Are we still supposed to be chasing the American Dream? What is the American Dream? I think it used to be a solid job that afforded you a house in the suburbs with a chest freezer full of food in the garage, a station wagon with wood panels on the sides, a loving wife and kids to fill all the seats and a golden retriever in the back. It's a worn-out frame, here, shot 365 days ago on black-and-white 127-format film made in Croatia for a Japanese twin-lens camera that was rolled out in 1958 and obsolete by '62. I was walking on the outskirts of our neighborhood looking over fences and peering into windows to see who had better stuff than me. Isn't that the American Dream? To have better stuff than everyone else?
I don't care about that stuff anymore, so I guess I better start looking for a new dream.

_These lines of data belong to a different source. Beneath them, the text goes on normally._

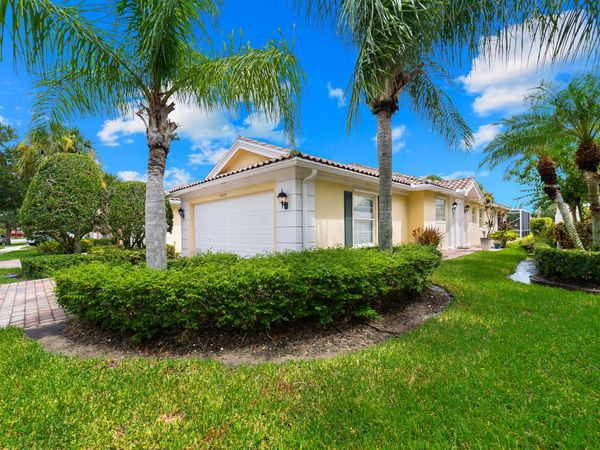 10476 SW Stratton Drive, Port St. Lucie, FL 34987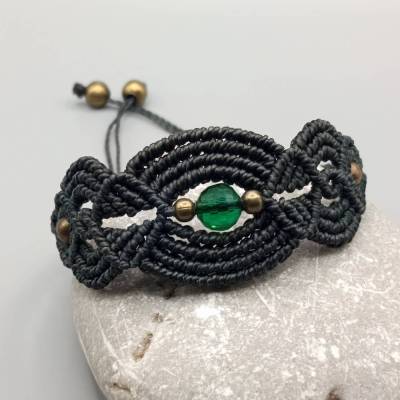 dezentes Makramee Armband in schwarz mit einer facettierten Perle in dunkelgrün und bronzefarbenen Metallperlen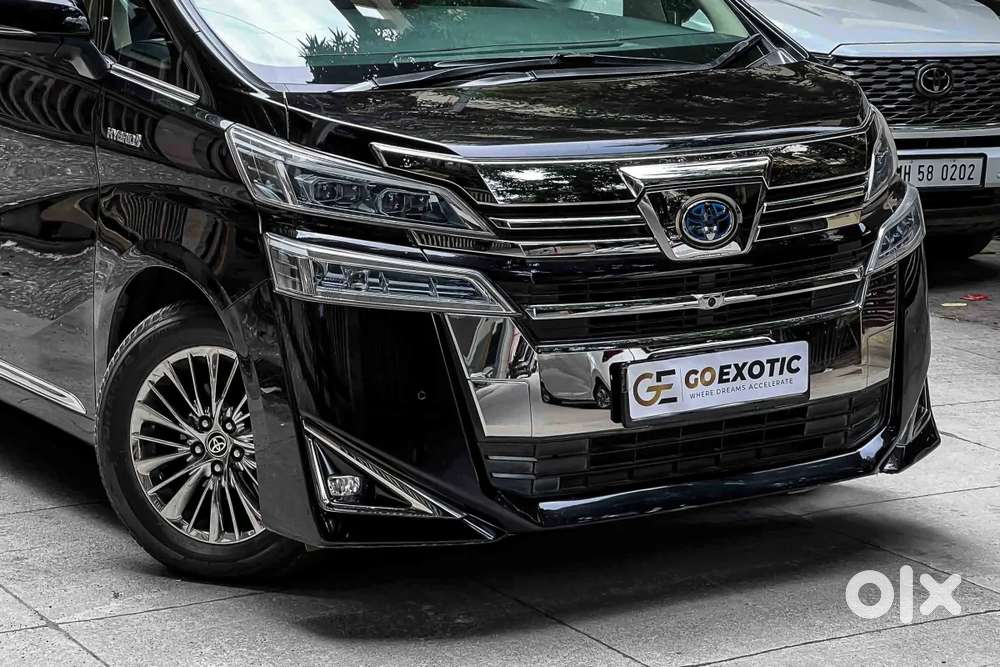 Toyota Vellfire 2.5 Hybrid, 2022, Petrol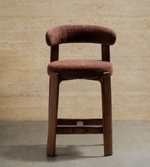 GRANITE Visoki stolac od smeđeg šenila i masivnog jasena s završnom obradom boje oraha FSC 100% 65 cm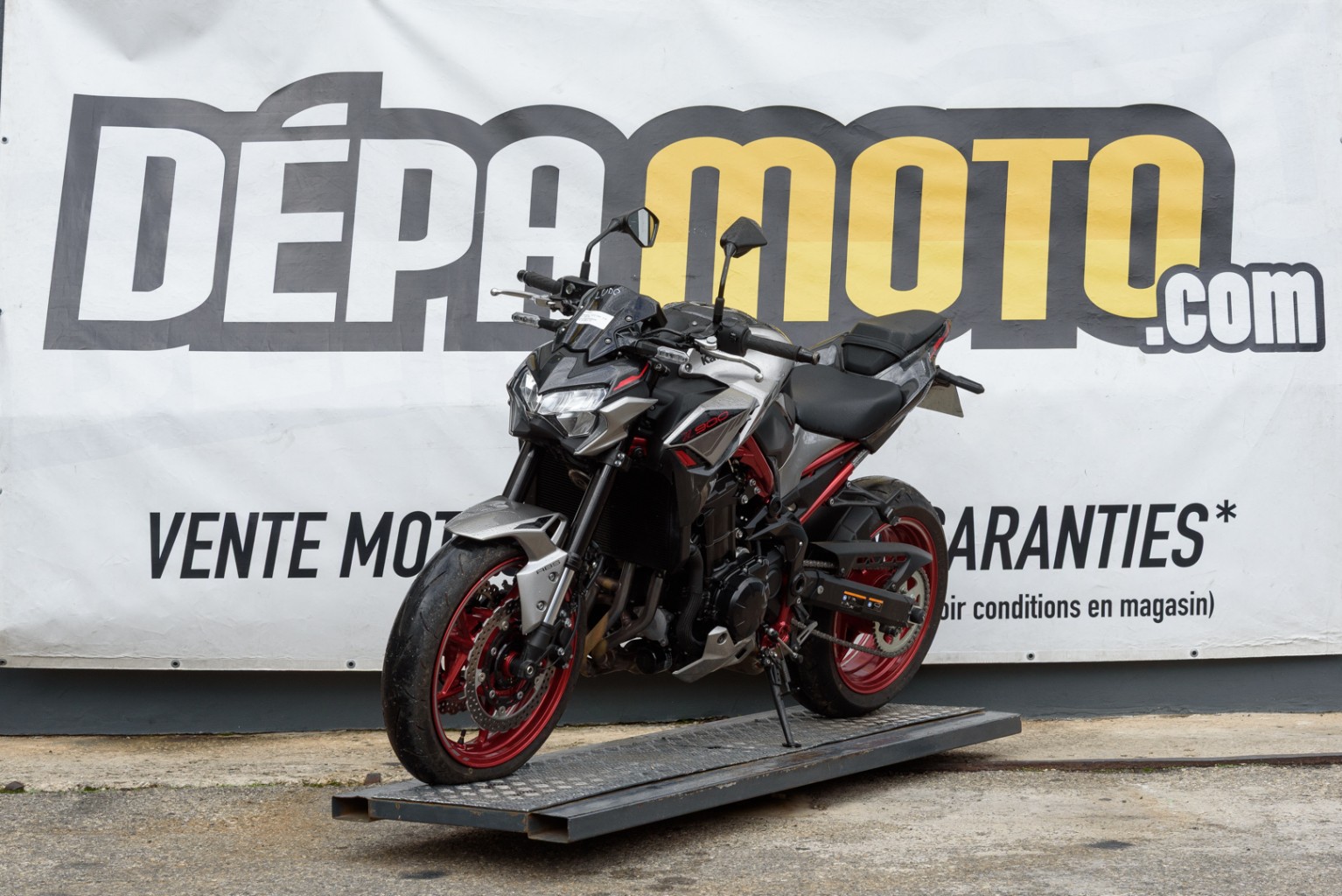 moto accidentée KAWASAKIZ900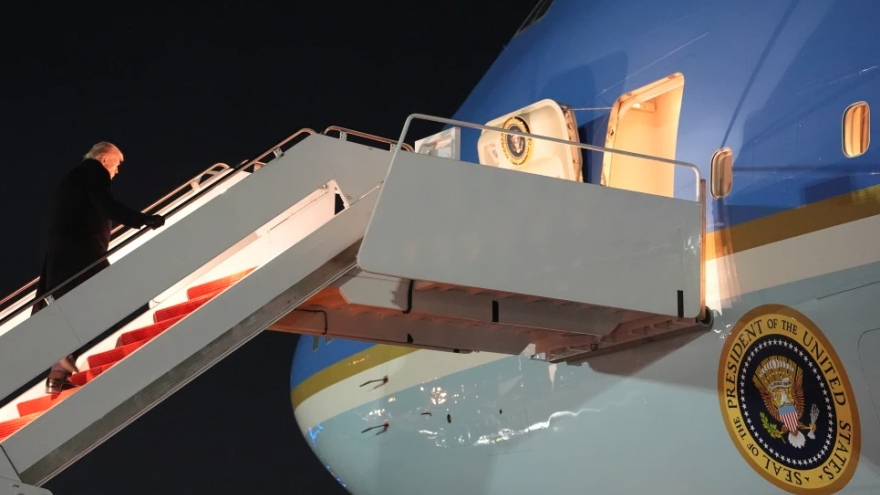 Chuyên cơ chở Tổng thống Trump gặp sự cố, phải quay trở lại căn cứ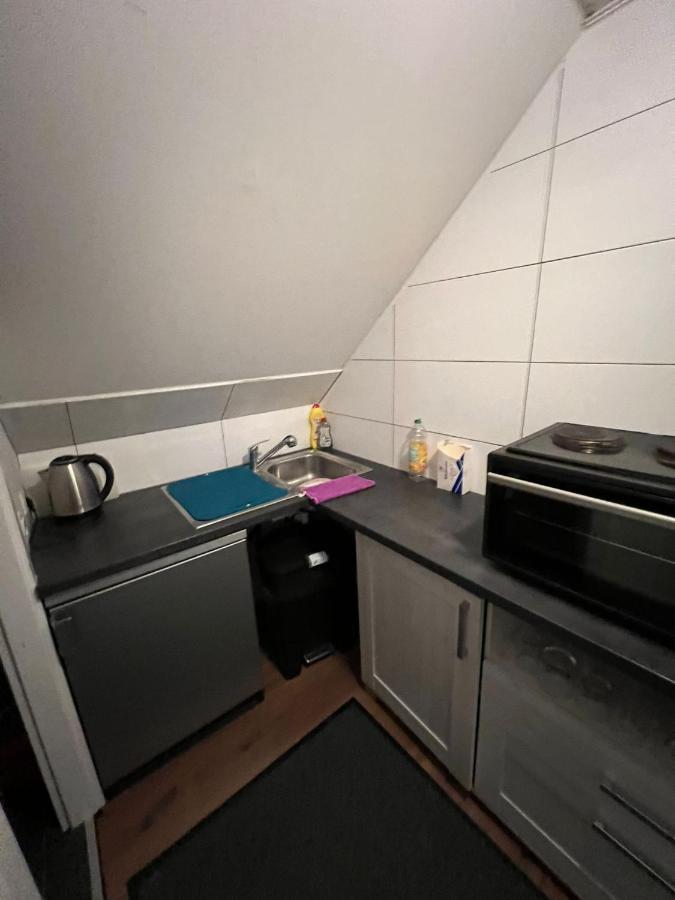 Adam'S Hostel - Self Check-In & Only Private Rooms Ντίσελντορφ Εξωτερικό φωτογραφία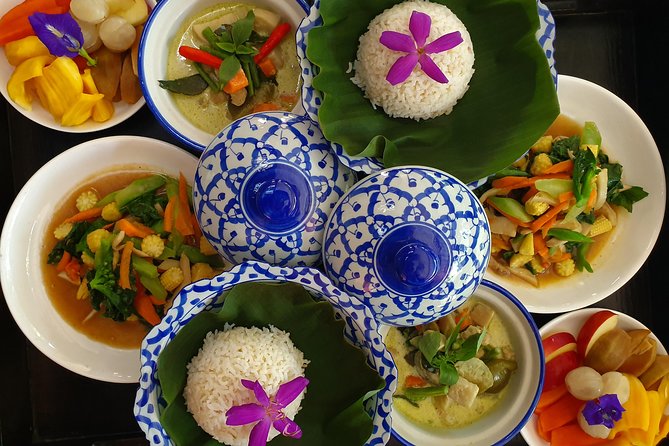 Full Day Yoga, Meditation, and Thai Cultural Immersion in Chiang Mai - Wat Phra That Doi Saket Temple and a Nearby Local Market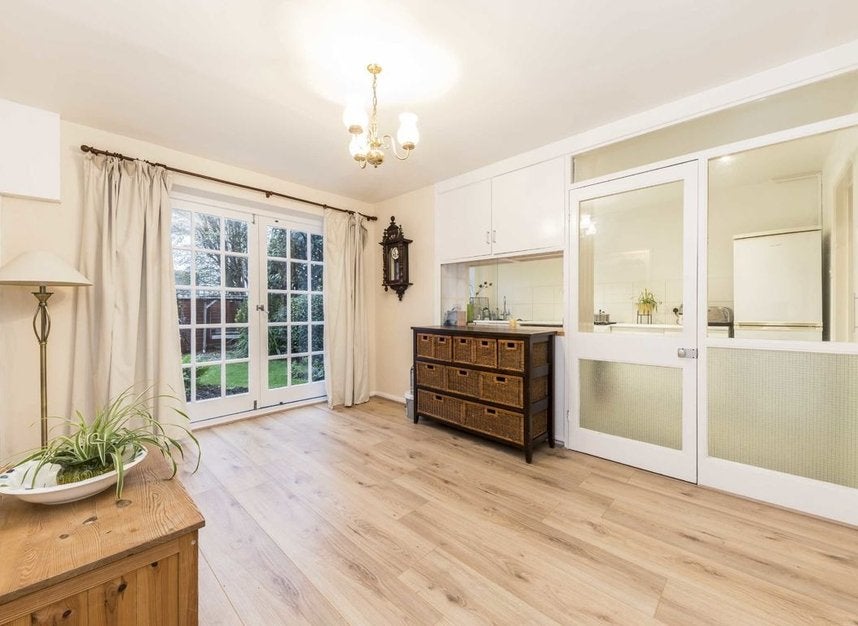 House Brentham Way in Greater London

I heard a 'thud' on the back deck's glass door and the cats woke up, perked up. I lowered and shook my head – goddamnit, not again. It lay on its side with an eye up, wide open, searching. The feathers on the back of this Inca dove, near the base of the tail began to lift in a slow convulsion. The eye was still open, taking in the last of things, and we both knew it. It hurt me to watch, so I quickly turned around and went out the front door, looking up at the trees and the blue sky and then finally down at the hard December dirt, knowing I'd be digging another hole in the yard soon.